Wozniak, who opposes closing the Waterleaf, said he would seek to extend student training days at the Waterleaf by one extra day, from Monday through Wednesday.
"I would also ask the board to consider leasing out the Waterleaf from Thursday through Sunday to the highest bidder, which would help bring in income for COD to offset the cost of using it for educational purposes the other days of the week," Wozniak said. "The Waterleaf needs financial changes, but it should not be closed."
Pihos said COD officials might want to consult with directors of other culinary programs and find out what they're doing right. They also could reach out to area chefs to see if they could serve as consultants "to brainstorm solutions to the dilemma" COD is facing with the Waterleaf.

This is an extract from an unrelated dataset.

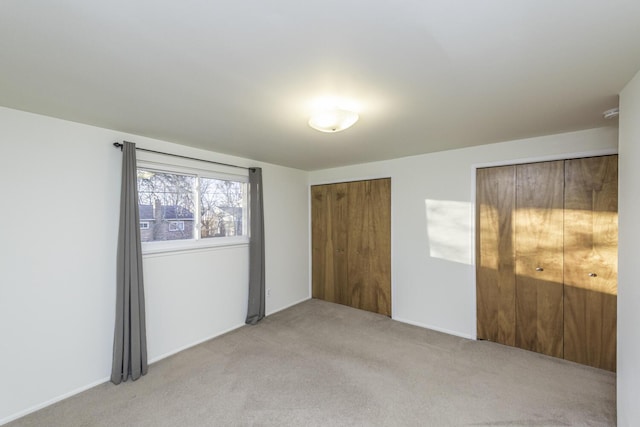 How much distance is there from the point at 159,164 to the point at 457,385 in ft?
11.6

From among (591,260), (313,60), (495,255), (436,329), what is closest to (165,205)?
(313,60)

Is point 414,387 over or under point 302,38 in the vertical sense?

"We have some of the most famous business minds and chefs in the restaurant industry in the Chicagoland area," Pihos said. "I would hope that they would want to promote creating a skilled workforce in their industry that they can tap into."
Bernstein said other options the college could consider include changing the restaurant format to appeal to a broader clientele base, finding a proven restaurant manager to run it, finding a party to lease the space or turning Waterleaf into additional classroom space.
"If the restaurant remains open, it needs to be used exclusively for students' education and work experience," Napolitano said. "If the restaurant cannot be self-supporting, it should be repurposed."
But Gambs said it wouldn't be prudent business to shut down the Waterleaf without a plan for the future.
"Like a business, though, its losses must be cut back and the building must be returned to its primary purpose -- educating students for careers," said Gambs, adding the restaurant shouldn't be "a playground for administrators' indulgences."
"I would immediately suspend all house or college accounts," he said. "I would request that we make the students the focus and the face of both restaurants. The menu and marketing can and should be modified to reflect the broader community."